- THE TASK -
Return exactly those lines of the material below that fall between the line holding "Modern binary has" and the line holding "For orders where", inclusive.

- DATA FOR THIS EXERCISE -
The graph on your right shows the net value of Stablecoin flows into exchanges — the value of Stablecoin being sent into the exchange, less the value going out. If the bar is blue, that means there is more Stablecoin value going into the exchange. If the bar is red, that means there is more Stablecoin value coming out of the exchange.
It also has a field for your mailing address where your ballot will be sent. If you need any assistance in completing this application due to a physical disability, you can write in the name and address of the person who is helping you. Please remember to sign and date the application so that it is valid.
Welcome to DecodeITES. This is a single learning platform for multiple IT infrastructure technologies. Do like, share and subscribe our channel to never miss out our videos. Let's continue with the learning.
==
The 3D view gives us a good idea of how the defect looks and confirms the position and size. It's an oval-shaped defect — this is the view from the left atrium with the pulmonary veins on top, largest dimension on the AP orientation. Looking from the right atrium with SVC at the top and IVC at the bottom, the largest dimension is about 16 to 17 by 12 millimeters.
==
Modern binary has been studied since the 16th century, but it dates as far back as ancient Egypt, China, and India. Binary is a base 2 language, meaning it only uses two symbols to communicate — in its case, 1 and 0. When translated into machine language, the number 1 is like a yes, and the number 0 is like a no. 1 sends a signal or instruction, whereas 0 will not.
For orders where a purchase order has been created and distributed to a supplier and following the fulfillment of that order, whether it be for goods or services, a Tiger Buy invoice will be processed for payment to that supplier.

- TASK ANSWER -
Modern binary has been studied since the 16th century, but it dates as far back as ancient Egypt, China, and India. Binary is a base 2 language, meaning it only uses two symbols to communicate — in its case, 1 and 0. When translated into machine language, the number 1 is like a yes, and the number 0 is like a no. 1 sends a signal or instruction, whereas 0 will not.
For orders where a purchase order has been created and distributed to a supplier and following the fulfillment of that order, whether it be for goods or services, a Tiger Buy invoice will be processed for payment to that supplier.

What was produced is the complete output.